Combinaram que o encontro seria à porta de um centro comercial da cidade por volta do meio-dia. O táxi que o levou ao destino deslocou-se rapidamente para o local estabelecido. Durante a viagem eram várias as tabuletas e indicações que confirmavam o aproximar do destino pretendido: Rotunda da Boavista. Outros cartazes anunciavam um importante concerto de música clássica que nessa noite iria ocorrer na Casa da Música.

Foram ambos pontuais. Quando se encontraram, um longo abraço deixou bem claro a estima que tinham um pelo outro.

– Caro amigo, que saudades! Há quanto tempo! – disse Marcial.

– É verdade Nicolau. Como o tempo passa! Que bom que é bom rever-te. Então? Que novidades me trazes? Parecias agitado ao telefone.

– Marcial, vamos sentar-nos ali num café que eu conheço neste centro comercial.

Entraram e sentaram-se num local acolhedor e sossegado, onde poderiam falar tranquilamente.

João não perdeu mais tempo:

– Na passada semana pediram-me para ir a uma quinta senhorial, que está quase em ruína total. Os herdeiros são muitos e, apesar dos pergaminhos de que muito se orgulham, não têm dinheiro suficiente e querem vendê-la a uma imobiliária. Antes disso querem vender o pouco espólio que resistiu às desgraças da família, à impiedade do tempo e às investidas dos gatunos. Fui lá ver se havia peças que me interessassem. Móveis ou peças de arte havia poucas e de pouco valor mas encontrei uma pequena biblioteca de finais do século XIX que me despertou alguma curiosidade, que também comprei.

Apercebi-me que um dos livros era oco e que se tratava de um esconderijo, com uma discreta fechadura incrustada. Abri-a cuidadosamente para nada estragar e dentro encontrei um pequeno livro que conclui ser o diário de um dos antigos proprietários da referida quinta.

Esse diário é bastante interessante e narra acontecimentos da época, percebendo-se o impacto que tiveram na sua vida, na história local e até nacional.

Mas mais do que um documento de valor histórico, este diário é uma verdadeira confissão. No fim do diário – escrito talvez quando sentia o aproximar do fim dos seus dias –, o autor, angustiado e com manifesto receio do além, revelou aspectos de que menos se orgulhava da sua vida. Admite ter ordenado a um empregado que de noite se introduzisse na conservatória do registo civil local e que roubasse um livro de registos de baptismo. E isto porquê? Porque era pai de várias crianças, uma das quais ilegítima, fruto de um relacionamento extraconjugal com uma das criadas de servir de sua casa. O amor que nutria por essa criança deixou-o inconformado e decidiu obter o livro em causa a todo o custo, de forma a forjar um parentesco, apagando o nome da mãe verdadeira para legitimar o filho dentro do casal. Dessa forma, o menino seria também herdeiro dos bens da família, que se encontrava bem colocada socialmente.

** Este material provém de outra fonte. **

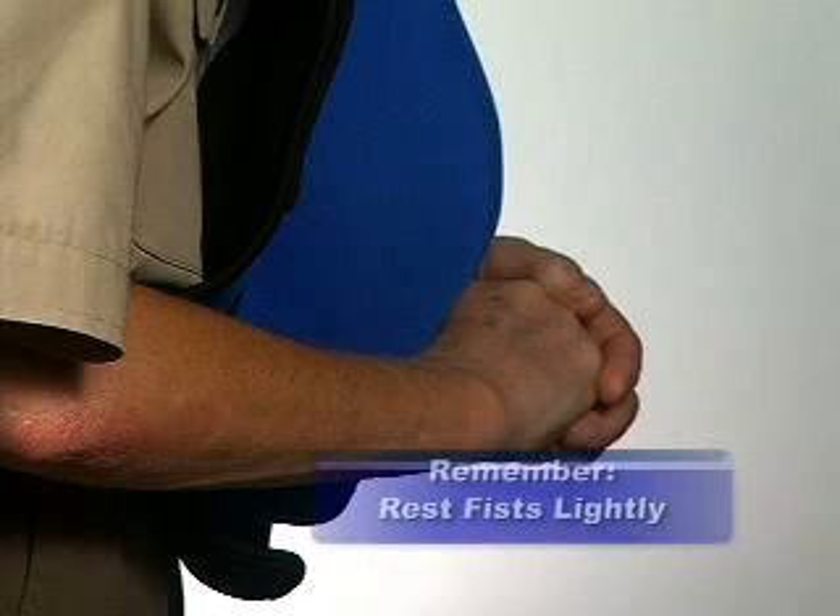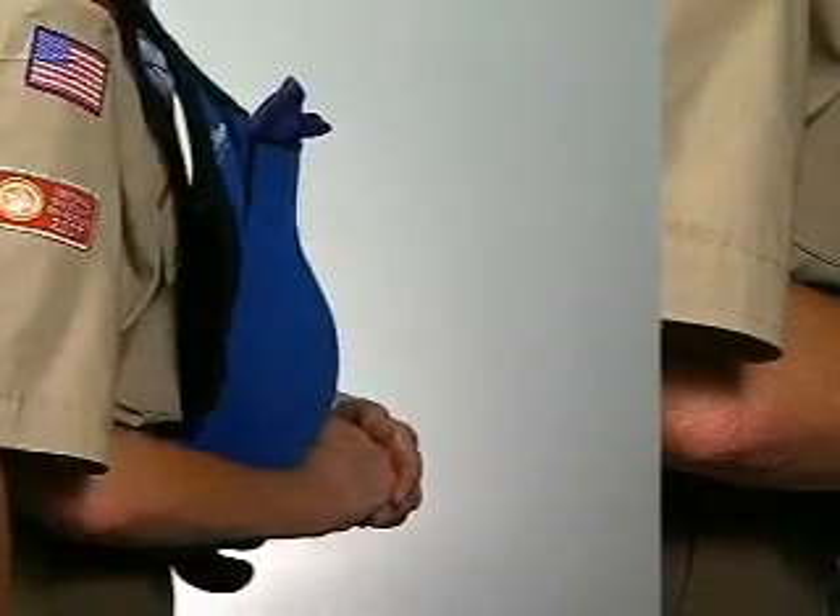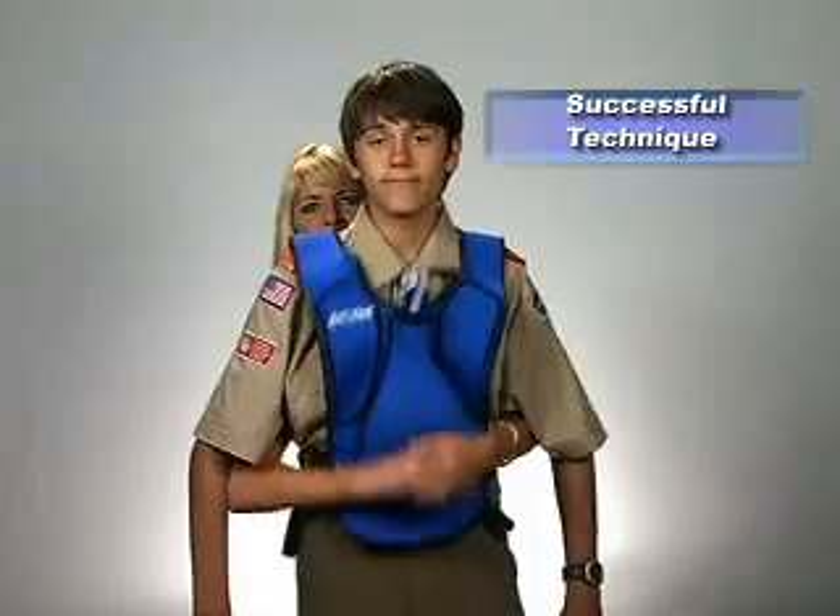Remember, it's important not to compress the bag before starting, but to rest your fists lightly upon the bag. When done correctly, the foam obstruction shoots from the vest, indicating successful technique.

Relata ainda que poucos dias depois, o livro voltou ao seu lugar, através de uma nova incursão nocturna do meliante, sem que nunca ninguém se tivesse apercebido da falta ou da falsificação do mesmo. Já viste Marcial? Nunca mais se saberá qual o livro forjado, nem qual o filho ilegítimo.

Este diário termina de uma forma estranha, pois na última linha, tem os seguintes caracteres:

 

ltcdh qdfhrsn tL cd LCBBBVB

 

Inicialmente pensei que tivesse sido um teste com a tinta ou até um indício de senilidade do autor, mas depois apercebi-me que talvez seja uma mensagem codificada. Tu, que também és um entendido em criptografia, podes ajudar-me a decifrar este enigma?

E o leitor? Poderá ajudar Marcial a decifrar esta última linha do diário?

E que outras imprecisões nos pode dizer sobre esta história?